La predicación paulina suele ser a judíos. Esta vez, no. Confluyen acá dos sabidurías, en las que él se ha formado con primor: la helenística y la judeocristiana. Los estudiosos de san Pablo insisten de más en más en su formación retórica griega. En el discurso en el Areópago de Atenas, lugar primordial de cultura y de juicio, Pablo se dirige sobre todo a un público griego muy tocado por el estoicismo; monoteístas en un ambiente popular extremadamente politeísta. Vuestra religiosidad puede llevaros al Dios que os anuncio, el cual no está lejos de quienes entre sombras e imágenes buscan al Dios desconocido, como dirá el Concilio Vaticano II (LG 16). Para los estoicos, Dios no habita en un templo construido por manos humanas. Por eso, ante su público ateniense, Pablo pone el centro de su predicación en el Dios único, personal y espiritual. Apoya su discurso en otros dos principios de la filosofía estoica: Dios no necesita de nada y la unidad de la raza humana. Dios lo ha hecho así para que todos en conjunto buscaran a Dios, de modo que, aunque fuere a tientas, lo encuentren. Para mostrar que no está lejos de cada uno de nosotros, pues formamos unidad de raza, utiliza una cita libre, o al menos eco de un conocido poeta, Epiménides (s. VI a. C.): pues en él vivimos, nos movemos y existimos; insistiendo en lo que dicen igualmente otros de sus poetas, Arato y Cleantes de Asos (s. III a. C.): pues, también, descendientes suyos. Somos raza divina, continúa Pablo, por eso no hemos de caer en la idolatría, como aparece en tantos altares y estatuas que pueblan el Areópago, puros productos construidos por el arte y la fantasía (Manuel Iglesias).

Y ahora es cuando aparece el hiato en el discurso de Pablo: Dios ha pasado por alto las épocas de ignorancia, mas ahora manda a todos que se arrepientan; un todos que contiene el en todas partes, pues el suyo es discurso que tiene lugar en el centro mismo del espacio cultural del mundo entero, el Areópago ateniense de los filósofos y de los constructores del universalismo. Dios ha señalado ahora el momento del arrepentimiento de todos, pues ha mostrado el día en que va a juzgar al orbe con justicia. Porque ese ahora en el que estamos nos viene dado por la venida de un hombre, al que Dios, como prueba fidedigna, ha resucitado de los muertos.

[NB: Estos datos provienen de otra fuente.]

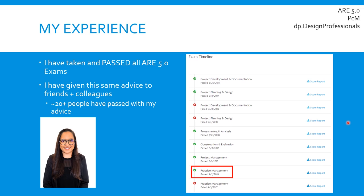I have taken all of the exams of the 5.0 and given my advice and study tips to a lot of friends and colleagues. Out of those, I have about 20-plus people who have passed at least one of the ARE 5.0 exams, and about 10 of those people are actually licensed architects now. I'm going to help you along the way.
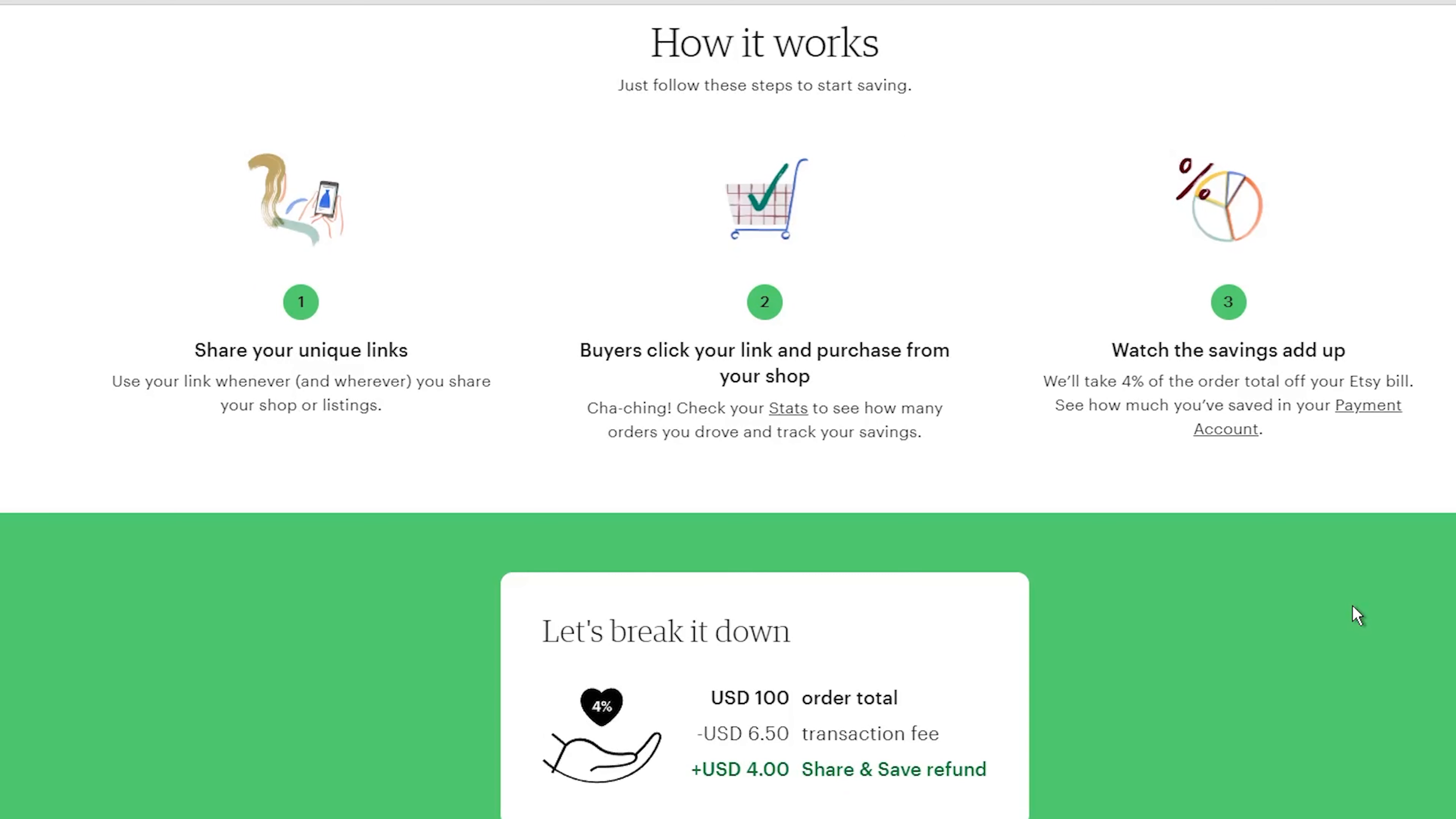Think about it. Not only are you saving real money on those Etsy fees, but you are also being rewarded for your marketing efforts. It's a win-win situation. The more you promote your shop, the more chances you have to get these sweet credits. And let's be honest, we all love extra cash in our pockets, right?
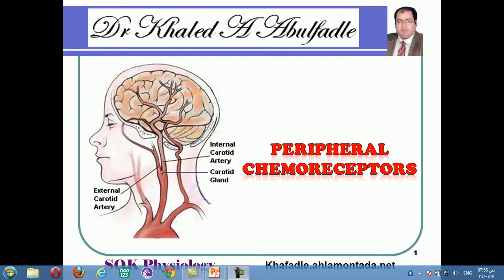Peripheral chemoreceptors are important for both the regulation of respiration and the regulation of arterial blood pressure. Today we will discuss the role of peripheral chemoreceptors, especially in the regulation of respiration. They are present in the aortic arch and carotid bodies. Carotid bodies are present at the bifurcation of the common carotid artery.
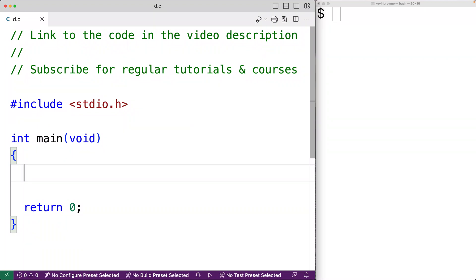In this video, we're going to learn how to use Include Guards in C. Include Guards are a technique that we can use to prevent a header file from being included twice when compiling our program, which can cause compiler errors when something in the header file is defined twice. Let's go over an example of this problem, sometimes called the double inclusion problem.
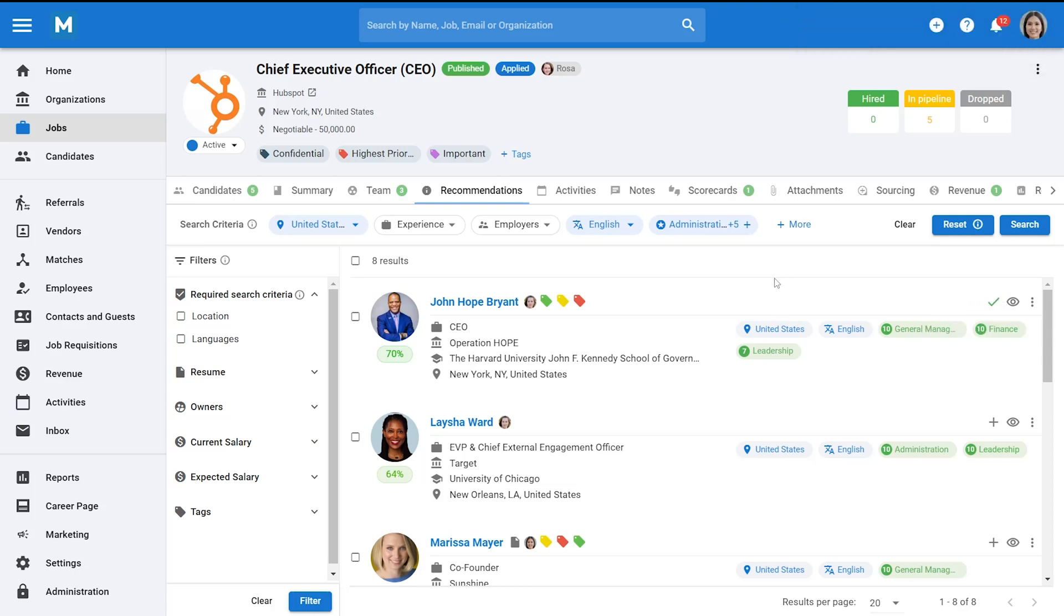Your current search will automatically be saved, so you can leave the page and return at a later time to resume your search.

Hasta aquí todo ha ido de perlas. Los areopagitas estarían dispuestos incluso a vivir ese ahora, pero en cuanto oyeron la palabra resurrección, lo tomaron todo a chufla y se acabó la buena acogida al nuevo predicador. Unos rieron, otros le espetaron: te escucharemos de esto otra vez. Asombroso fracaso de Pablo, aunque se nos anuncia que Dionisio, Dámaris y algunos con ellos se le juntaron y abrazaron la fe.

Asombra la capacidad retórica de Pablo, la fuerza con la que construye su predicación en el epicentro mismo de la cultura filosófica de entonces. Echa mano de sus filósofos y de sus poetas y, lo que es aún más importante, utiliza con increíble agilidad su palabra para llegar a hablar del resucitado. Lo ha realizado en medios judíos; hoy vemos cómo lo hace también en medios griegos. Con cada uno utiliza sus armas de pensamiento, aprovechando todo lo que tienen de universal y de referencia al Dios único y verdadero. Ejemplo a seguir.

Mas la piedra de toque definitiva es la resurrección.